> **Assignment**: Quote, word for word, only the lines running from the line with "Spike-Tailed Ceratops [Ixalan] | Gam3 Escape" through the end of the listing. Leave out the pictures.

> **Provided material**:
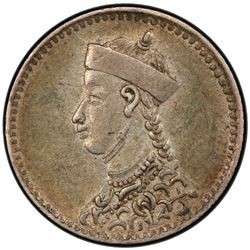 TIBET: AR 1/4 rupee, Chengdu mint, ND (1904-12). PCGS AU55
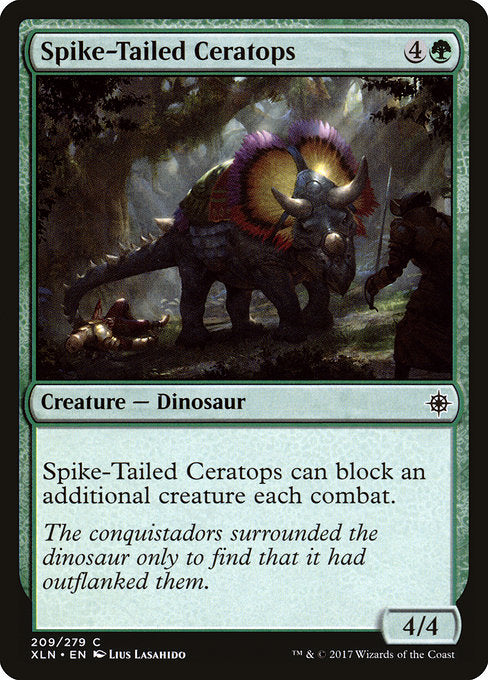 Spike-Tailed Ceratops [Ixalan] | Gam3 Escape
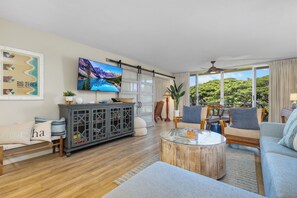 TV, DVD player, table tennis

> **Solution for this task**:
 Spike-Tailed Ceratops [Ixalan] | Gam3 Escape
 TV, DVD player, table tennis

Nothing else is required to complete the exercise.